------ PROVIDED INFORMATION ------

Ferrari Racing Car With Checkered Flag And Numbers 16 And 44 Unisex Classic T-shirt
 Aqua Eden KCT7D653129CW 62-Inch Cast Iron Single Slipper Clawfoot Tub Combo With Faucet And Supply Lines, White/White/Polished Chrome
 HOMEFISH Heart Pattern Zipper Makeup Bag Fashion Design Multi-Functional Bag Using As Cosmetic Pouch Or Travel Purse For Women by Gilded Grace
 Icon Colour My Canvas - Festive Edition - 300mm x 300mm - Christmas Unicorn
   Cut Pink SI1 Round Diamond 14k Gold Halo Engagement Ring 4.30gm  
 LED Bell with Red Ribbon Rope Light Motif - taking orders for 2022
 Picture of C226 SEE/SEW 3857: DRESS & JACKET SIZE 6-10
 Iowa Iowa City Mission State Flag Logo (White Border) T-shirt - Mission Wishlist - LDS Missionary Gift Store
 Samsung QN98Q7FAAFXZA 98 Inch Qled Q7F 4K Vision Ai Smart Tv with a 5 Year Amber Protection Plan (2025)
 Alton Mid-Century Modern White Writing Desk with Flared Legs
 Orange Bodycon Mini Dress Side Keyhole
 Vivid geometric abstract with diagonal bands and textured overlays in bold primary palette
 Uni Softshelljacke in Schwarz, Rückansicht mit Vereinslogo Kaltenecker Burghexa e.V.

------

§ **WORK INSTRUCTIONS**: When a line above contains the string "Inch", copy that line.

§ **EXPECTED ANSWER**:
 Aqua Eden KCT7D653129CW 62-Inch Cast Iron Single Slipper Clawfoot Tub Combo With Faucet And Supply Lines, White/White/Polished Chrome
 Samsung QN98Q7FAAFXZA 98 Inch Qled Q7F 4K Vision Ai Smart Tv with a 5 Year Amber Protection Plan (2025)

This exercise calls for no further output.